Retailers really don’t like paying the fees for your Apple Card

Apple Card completely rethinks everything about the credit card. It represents all the things Apple stands for. Like simplicity, transparency, security, and privacy. You can buy things effortlessly, with just your iPhone. Or, if Apple Pay is not yet supported by the merchant, use the Apple‑designed titanium card anywhere in the world.
The physical Apple Card

Jennifer Surane for Bloomberg Businessweek:

This holiday season will be the first for the Apple Card, the highest-profile new credit card in years. And every time a customer waves an iPhone at the register to use the new card, a retailer may feel an extra pinch on its profits.

That’s because the card, marketed by Apple and backed by Goldman Sachs Group Inc., is designated “elite,” which allows it to levy significantly higher interchange fees on each swipe or tap. Those fees aren’t paid by the consumer but by the merchant as part of the cost of accepting credit cards. A grocer can lose more than half its profit on a sale when someone pays with an Apple Card, or one of its elite competitors, rather than a normal card. Elite cards impose higher transaction fees to support generous reward programs for their customers.

Card networks tell merchants the higher costs are justified because premium cardholders also have more buying power — so they’ll spend more… The average purchase made with premium-branded Visa cards was $50 higher than those made with regular Visa credit cards. But the cards have long irked retailers. They have no choice but to pay the higher fees for elite plastic if they want to accept any of a network’s credit cards. A store can’t turn down [an elite Visa card] and still take the others. Mastercard Inc., the Apple Card’s network, has a similar arrangement.

MacDailyNews Take: What else is new? This isn’t really about Apple Card — Bloomberg Businessweek is just using Apple as a headline hook, as does virtually every media outlet — this is about retailers not wanting to pay elite card fees. If they really don’t want to pay these fees, retailers should offer incentives for customers to use debit, cash, or, God forbid, checks. (Don’t you just love being stuck in the grocery line behind that old lady writing out her paper check?)

Of course, the way retailers feel about elite cards goes a long way toward explaining why some balk at accepting Apple Card.

9 Comments

  1. Thank the U.S. Congress, which receives significant campaign contributions (i.e. bribes) from the banking industry . . . In the European Union, laws have been passed which limit the amount that credit card companies can charge for interchange fees . . . Why doesn’t the U.S. have similar laws? Simple. Because the banking industry and their lobbyists control the bankroll for every Congressman seeking reelection. A politician who speaks out against the “obvious” excesses of Visa / Mastercard would commit career suicide, and would become a “former” Congressman . . . just a friendly reminder for any readers who live under the illusion that we live in a democracy.

  2. The article points out that Elite card users buy more expensive stuff.
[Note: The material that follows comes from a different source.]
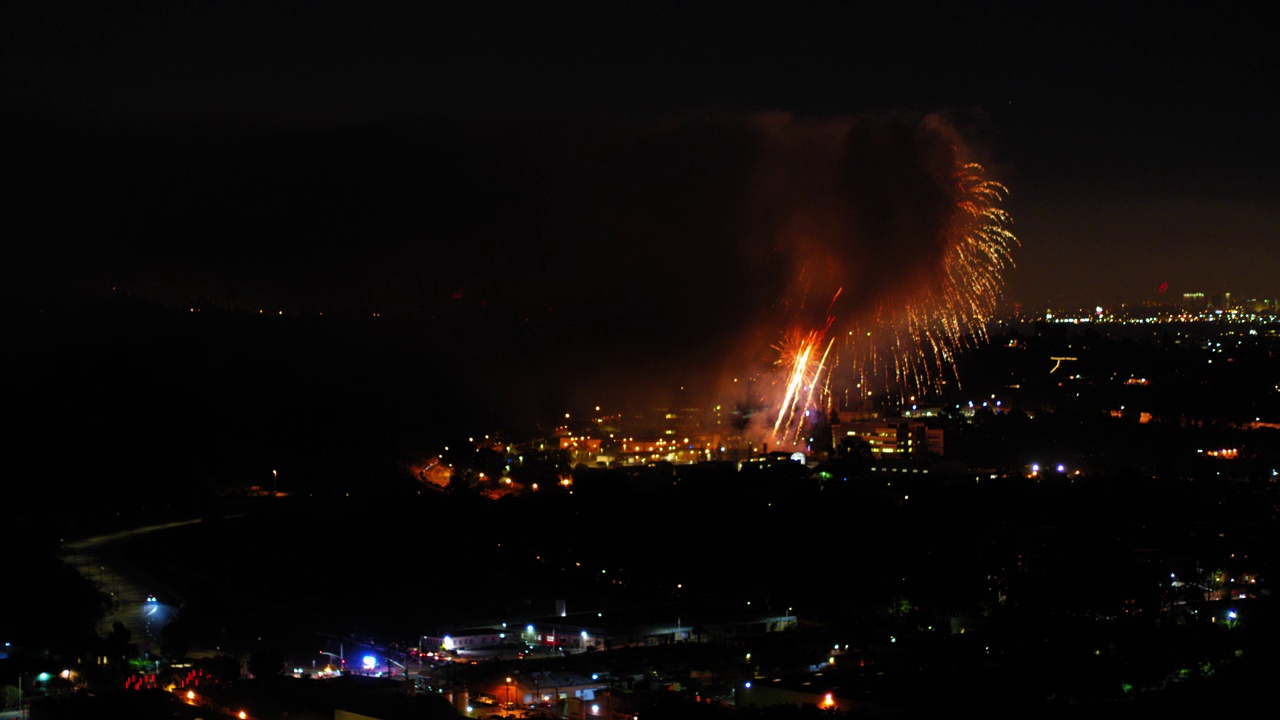 烟花在城市附近爆炸的航拍照片，无人机在夜晚的城市景观上逆空飞行-洛杉矶，加利福尼亚视频素材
    What they don’t emphasize is that more expensive stuff usually have higher profit margins, way higher. The total profit amount is also bigger. (Although this example is not exact as I’m talking manufacturers vs retailers, but since this is MDN, note high end iPhone at 20% market share makes more profit than all Android phone makers put together)

    The example Bloomberg (not the biggest fan of Apple) uses is the Grocer (” A grocer can lose more than half its profit on a sale”) . Groceries have notoriously low profit margins. ( Small business chronicle : “Grocery store profit margins typically range from 1 percent to 3 percent”)

    Bloomberg is using a click bait Apple as example and the extreme grocery position to make a point.

    I’m not saying retailers don’t have an issue but I just wanted to point those things out.
    (Do low profit businesses like groceries have special deals with card companies? if not they should collectively bargain with them)

    I also note in many parts of the world including highly industrialized Japan many small retailers and restaurants don’t accept credit cards. Bigger chains won’t accept them unless the sales crosses a certain amount.

    1. “The article points out that Elite card users buy more expensive stuff.”

      actually the article might not have, as it might just mean the total amount on a bill.
      Anyways I still stand by most of my points.

    1. What about the small businesses that survive via online sales? They get crap discounts from wholesalers, shafted by the shipping companies, and killed by dealing with one-size-fits-all state/federal regulations and fees. Yes, most of them take credit cards and they absorb the 3-4% vig, it comes right out of the owner’s pocket. I’m sure they will be overjoyed when you whip out that shiny white card that hits them for 6%.